- Prompt -
In the entries that follow, repeat exactly the lines from the one that has "AC Compressor Kit" through the one that has "Grandes teólogos católicos", but omit pictures.

- Task material -
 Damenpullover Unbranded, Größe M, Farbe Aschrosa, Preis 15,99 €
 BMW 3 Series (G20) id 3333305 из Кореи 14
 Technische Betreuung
...
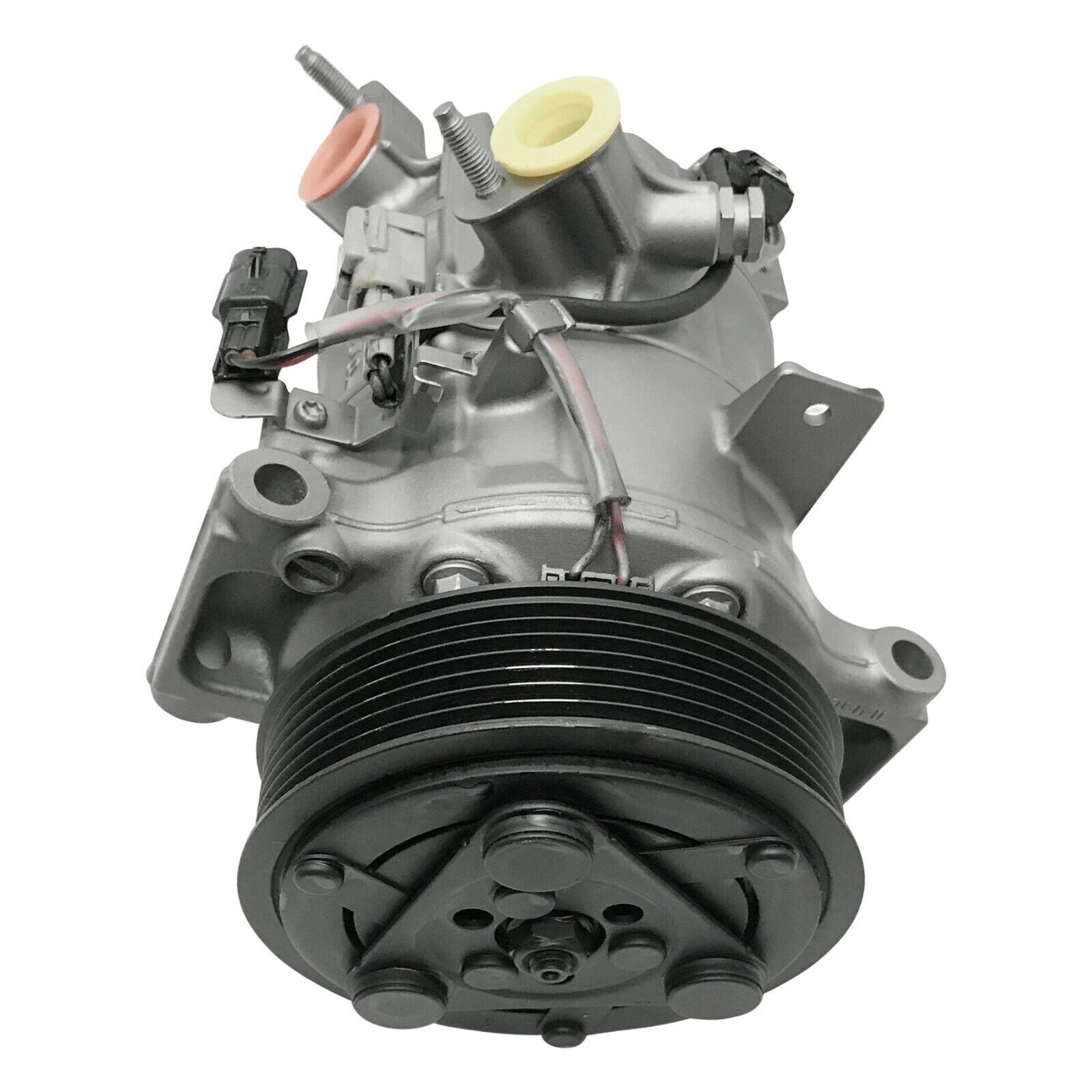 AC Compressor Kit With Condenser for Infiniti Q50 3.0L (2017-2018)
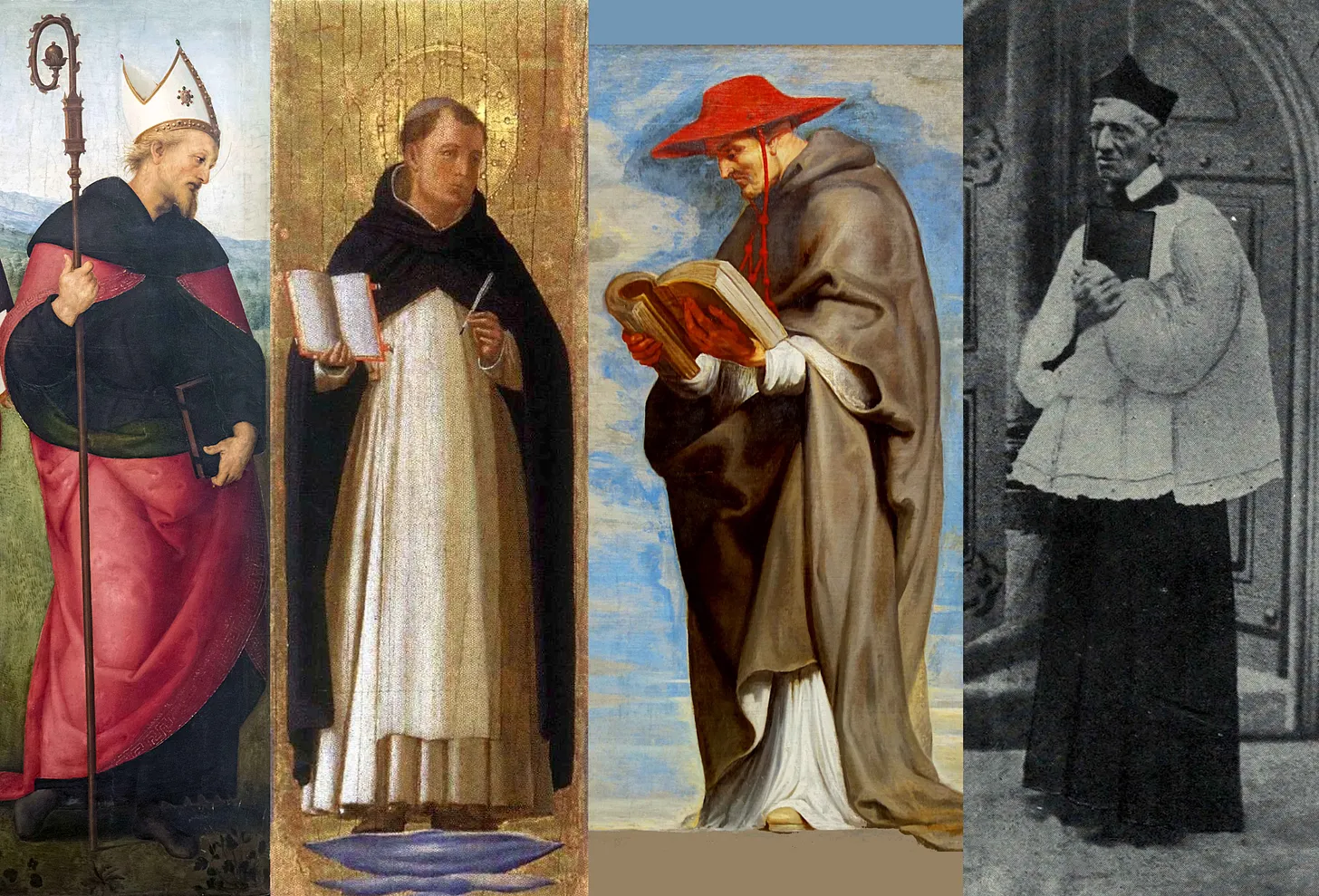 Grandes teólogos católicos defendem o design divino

- Solution -
 AC Compressor Kit With Condenser for Infiniti Q50 3.0L (2017-2018)
 Grandes teólogos católicos defendem o design divino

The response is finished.